What this task involves:
Restate the listing below word for word; no picture is to be carried over.
### Recorded information
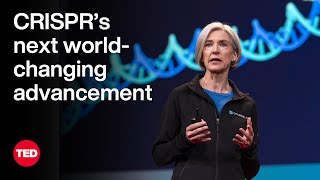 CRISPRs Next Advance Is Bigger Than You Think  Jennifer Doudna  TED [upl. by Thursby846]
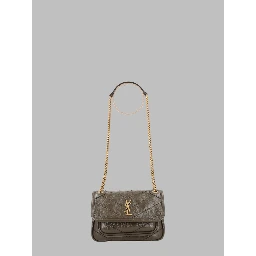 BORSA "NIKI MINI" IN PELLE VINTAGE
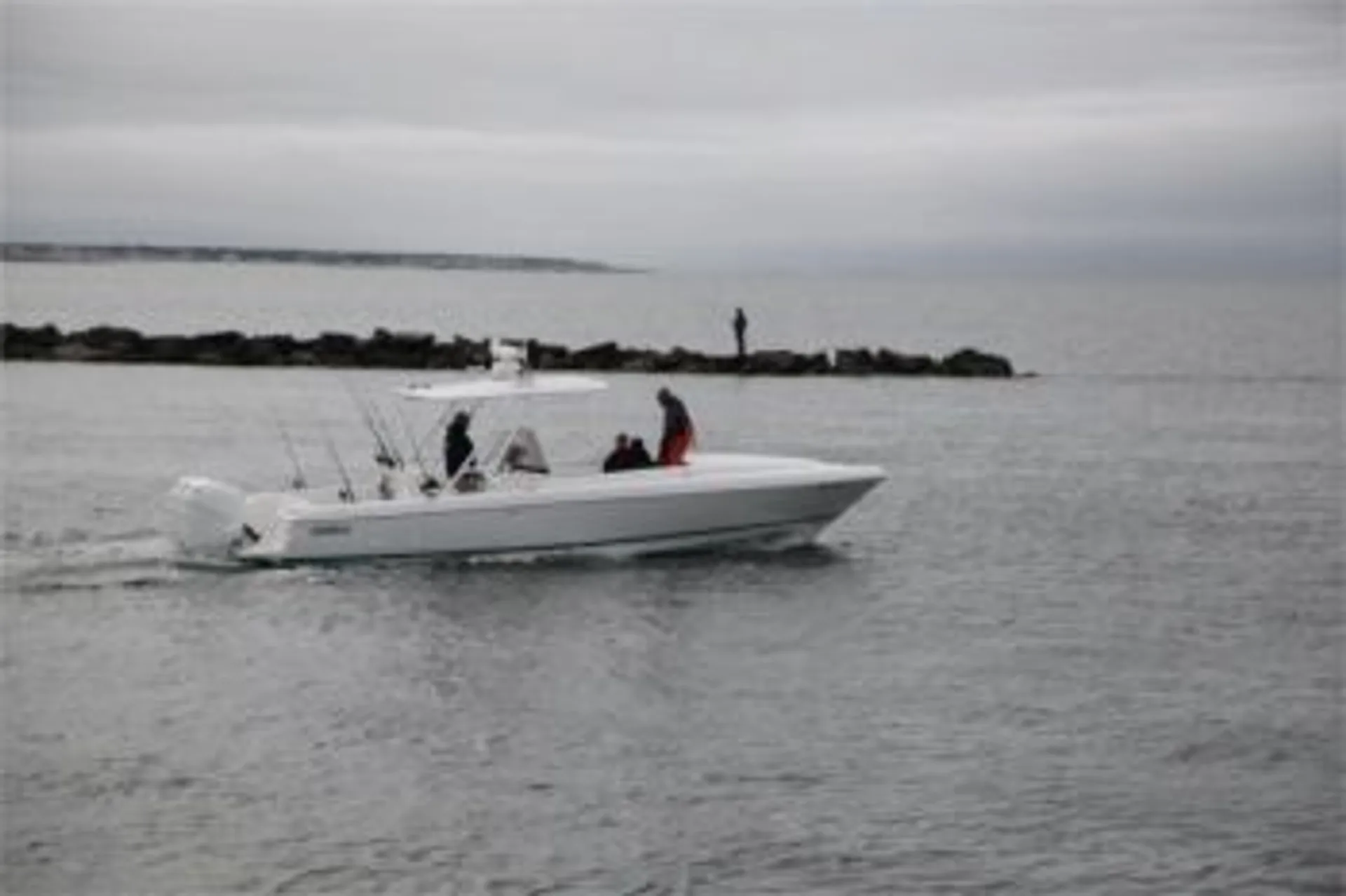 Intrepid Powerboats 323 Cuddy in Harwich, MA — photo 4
######
Exercise response:
 CRISPRs Next Advance Is Bigger Than You Think  Jennifer Doudna  TED [upl. by Thursby846]
 BORSA "NIKI MINI" IN PELLE VINTAGE
 Intrepid Powerboats 323 Cuddy in Harwich, MA — photo 4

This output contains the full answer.